%%

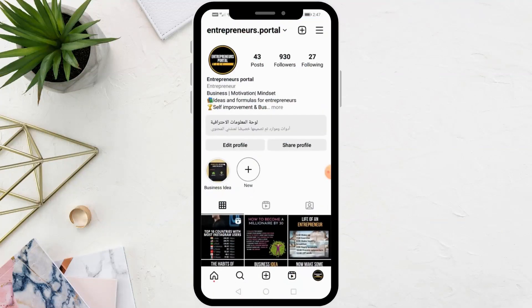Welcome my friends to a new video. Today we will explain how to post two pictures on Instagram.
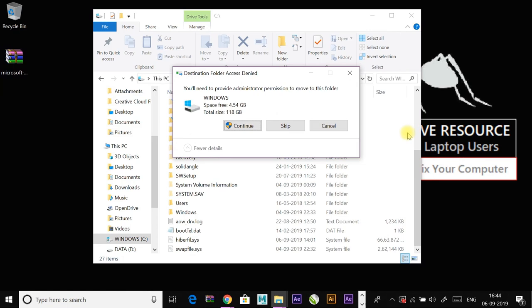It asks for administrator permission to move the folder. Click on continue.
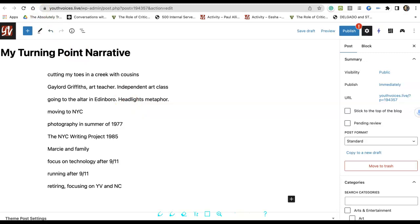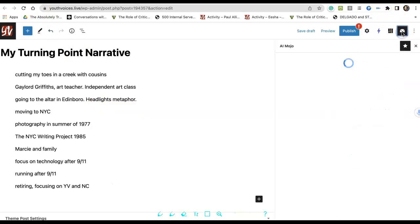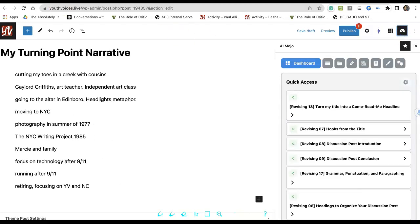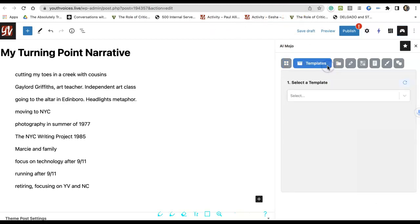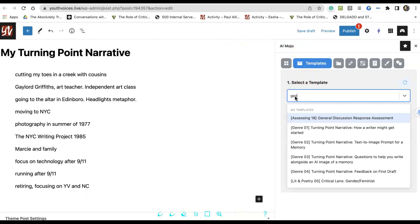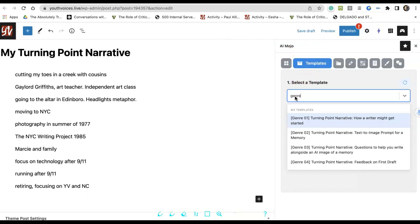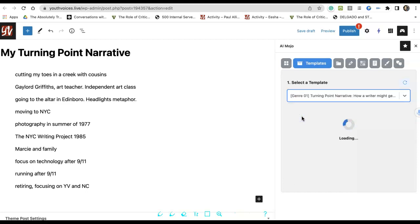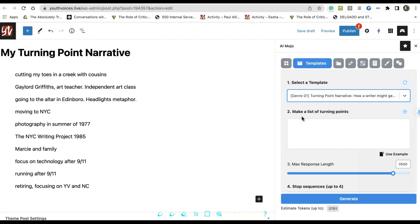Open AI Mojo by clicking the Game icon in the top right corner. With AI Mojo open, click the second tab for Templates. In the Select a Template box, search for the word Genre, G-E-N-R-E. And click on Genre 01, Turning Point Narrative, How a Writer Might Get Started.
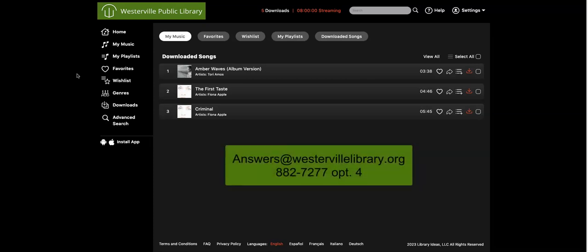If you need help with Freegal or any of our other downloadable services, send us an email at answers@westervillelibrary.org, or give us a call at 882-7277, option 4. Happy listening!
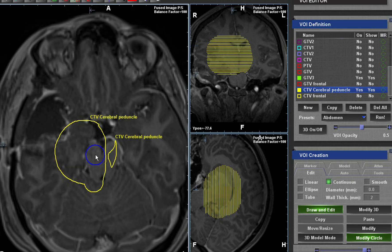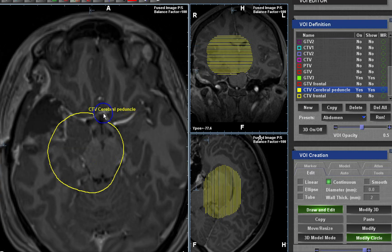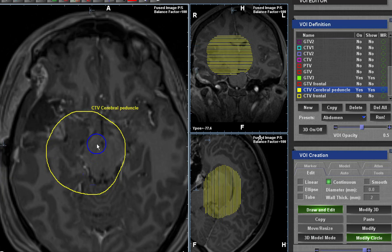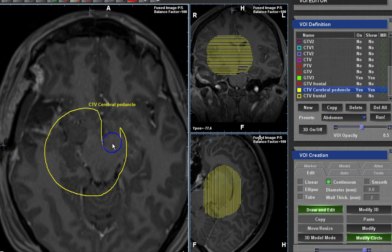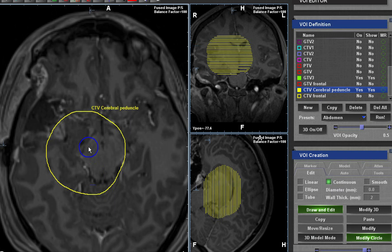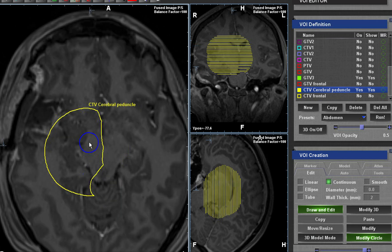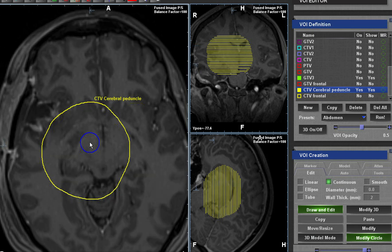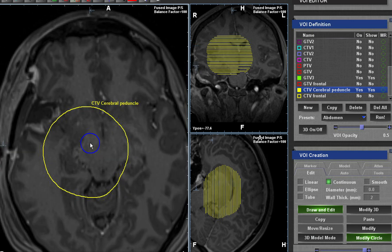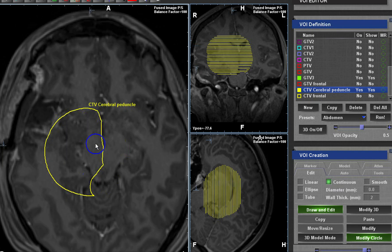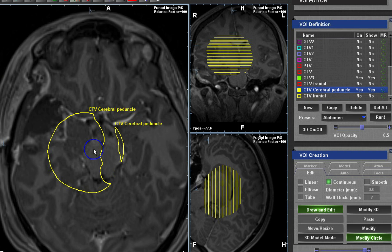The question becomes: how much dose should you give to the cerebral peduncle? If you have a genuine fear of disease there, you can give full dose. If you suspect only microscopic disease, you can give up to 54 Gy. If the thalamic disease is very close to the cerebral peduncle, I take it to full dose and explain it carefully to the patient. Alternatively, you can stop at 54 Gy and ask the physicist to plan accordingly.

%%

:: WHAT YOU ARE ASKED TO DO ::
Output, exactly and without pictures, the span of lines that starts at the line containing "If you need" and ends at the last line above.

:: OUTPUT FOR THIS TASK ::
If you need help with Freegal or any of our other downloadable services, send us an email at answers@westervillelibrary.org, or give us a call at 882-7277, option 4. Happy listening!
The question becomes: how much dose should you give to the cerebral peduncle? If you have a genuine fear of disease there, you can give full dose. If you suspect only microscopic disease, you can give up to 54 Gy. If the thalamic disease is very close to the cerebral peduncle, I take it to full dose and explain it carefully to the patient. Alternatively, you can stop at 54 Gy and ask the physicist to plan accordingly.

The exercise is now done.